We are confident that what we are doing will bring an influx of investors into so many areas that you cannot imagine now. Our long-term goal that should take about four to five years can be realised in two years.


That is why we are testing the market with a short term goal, and our commitment to that one is genuine. We are about achieving our short term goals which will boost the inflow of investments that will meet the anticipated surge in tourists’ visitation to the state.


Everywhere tourism has thrived, there is always a robust private sector content and participation. Who are your private sector partners that will ensure sustainability?


Interestingly, our tourism development masterplan does not lean on the government. It was developed with the private sector in mind as the key driver. It is Public- Private Partnership (PPP) oriented, to the extent that, much of the work will be done by the private sector. Our role and commitment are to create basic infrastructure and the enabling environment to harness the private sector’s efficiency and creativity.

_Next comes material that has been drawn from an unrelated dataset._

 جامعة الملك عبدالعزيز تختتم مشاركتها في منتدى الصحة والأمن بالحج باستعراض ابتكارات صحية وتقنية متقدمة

This is core to our broad strategy of facilitating tourist access, enhancing quality and efficiency and improving the destination experiences for tourists. We will rather focus on creating an enabling environment, provision of basic infrastructure that would help the private sector bring in its creativity to bear across the spectrum of activities that include natural and heritage sites, historical artefacts, natural and thematic parks, museums, hotels, entertainment events and transportation, among others.

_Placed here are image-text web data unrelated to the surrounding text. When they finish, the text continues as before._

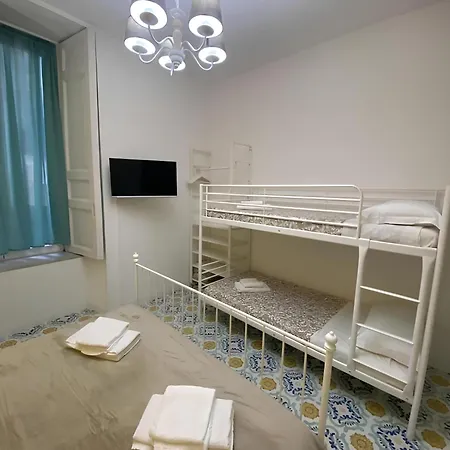 Apartment Luna Rossa Neapel
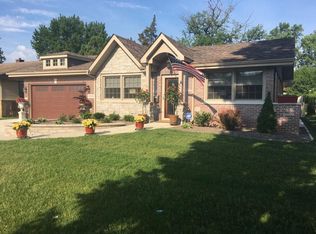 12832 Terrace Ln, Midlothian, IL 60445
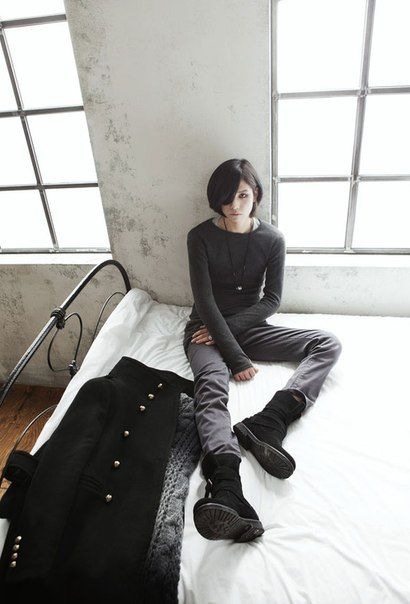 Go Sang Gil Androgynous Asian, Asian Boy, Sitting Poses, Photoshoot Inspo, Aesthetic People, Androgynous Fashion, Character Poses, Tomboy Fashion, Visual Kei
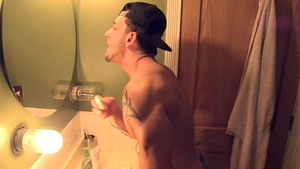 americanmusclehunks: Inked Stud Takes Charge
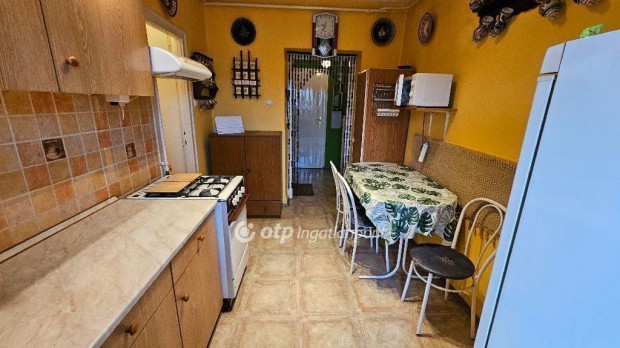 Egeri 52 nm-es lak�s elad�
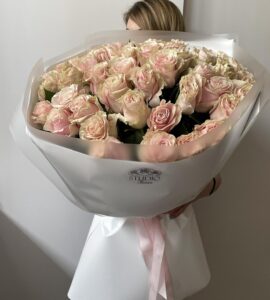 Bouquet of forty-nine roses Pink Mondial
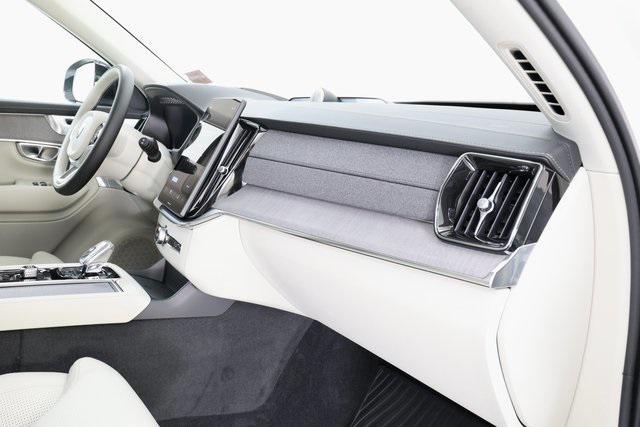 new 2026 Volvo XC90 car, priced at $77,850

Who are the partners and investors that you are working with?


We are working with Sterling Bank and are happy with their commitment to tourism development in Osun. The bank has collaborated with the Osun State government to cause a paradigm shift. And I am incredibly excited because this is a first. We see other states adopting the Osun/ Sterling blueprint for tourism development in their domains.

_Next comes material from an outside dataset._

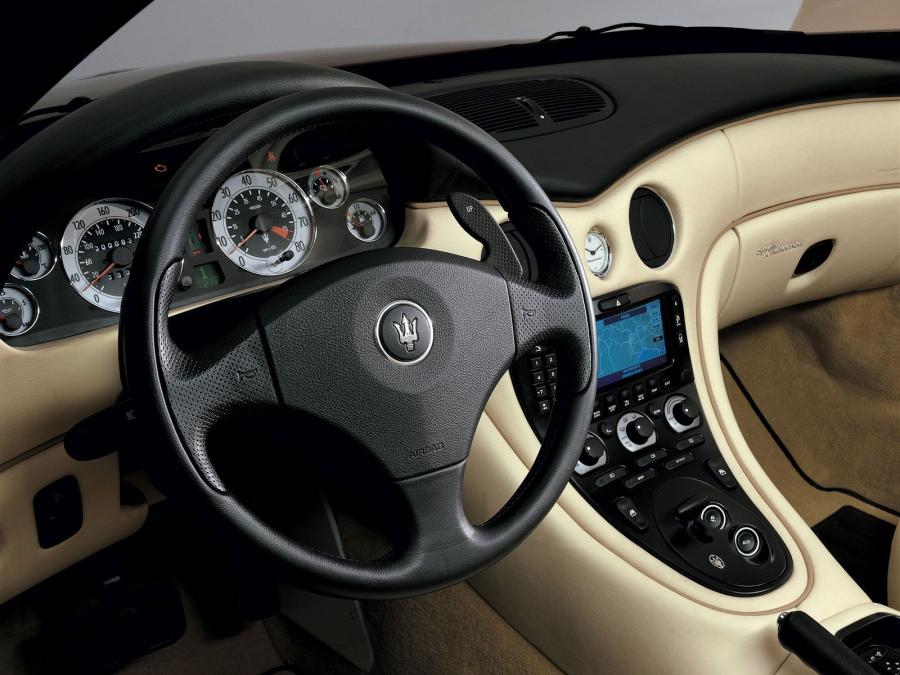  Maserati Spyder 2003 года  (фото 2 из 10)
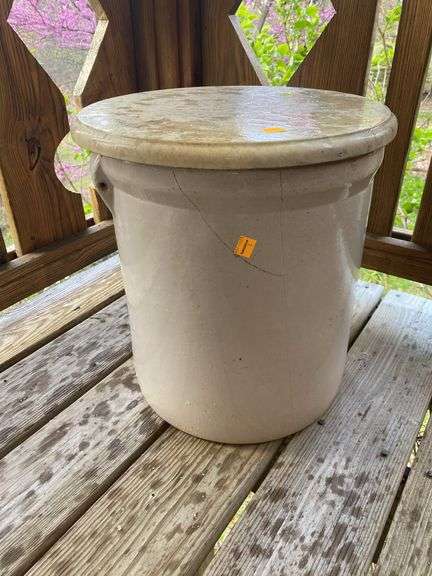6 Gallon Crown Crock with Topper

Apart from Sterling Bank, we have Goge Africa, La Campagne Tropicana and the Economic, Social and Cultural Council of the African Union. They are all on board and are our development partners.


There are many like-minded private sector players working with us, with many others indicating interest. For example, we are talking to an investor about introducing motorsport, same for players in real estate, hospitality and allied sectors.



The Osun-Osogbo Sacred Grove is one of the last sacred forests in the world. What is the state government doing to promote this attraction to domestic and international tourists?


Let me say this, we intend to cash in on the popularity of the Osun-Osogbo Sacred Grove and the festival to attract tourists. Part of our vision is to conduct an annual pilgrimage called Karele Oodua. The pilgrimage is built around the Osun festival.


We want to bring people from the diaspora to see what we are doing here and learn more about our culture and tradition. Let me add that no development can occur in the grove because it is a UNESCO World Heritage Centre. We cannot touch anything there.


But, by and large, our approach is to create programmes, activities and festivals around the Osun-Osogbo Sacred Grove and the Osun-Osogbo Festival.

What excites you about the future of tourism in Osun state?


To start with, it is the launch of our tourism development vision and masterplan with reliable private sector support in terms of funding and immediate interest in destination development. It is a source of huge excitement for me because we have a massive project on our hands – a project that will transform the state and change the lives of hundreds of thousands of people.


Next is the opportunity it affords us to protect and preserve the immense gifts of nature in Osun for generations to come. For instance, Iginla is a rare tree. It is the tallest tree around here, and I think we have only one in Nigeria. I stand to be corrected.


The agro-tourism potential of Iginla is immense, and we are converting that to our advantage by building a biological garden around it.


Lastly, things are moving fast. Enquiries are pouring, indicating that the private sector players have faith and have bought into our vision and masterplan. This is indeed motivating because we started small and are moving forward very fast.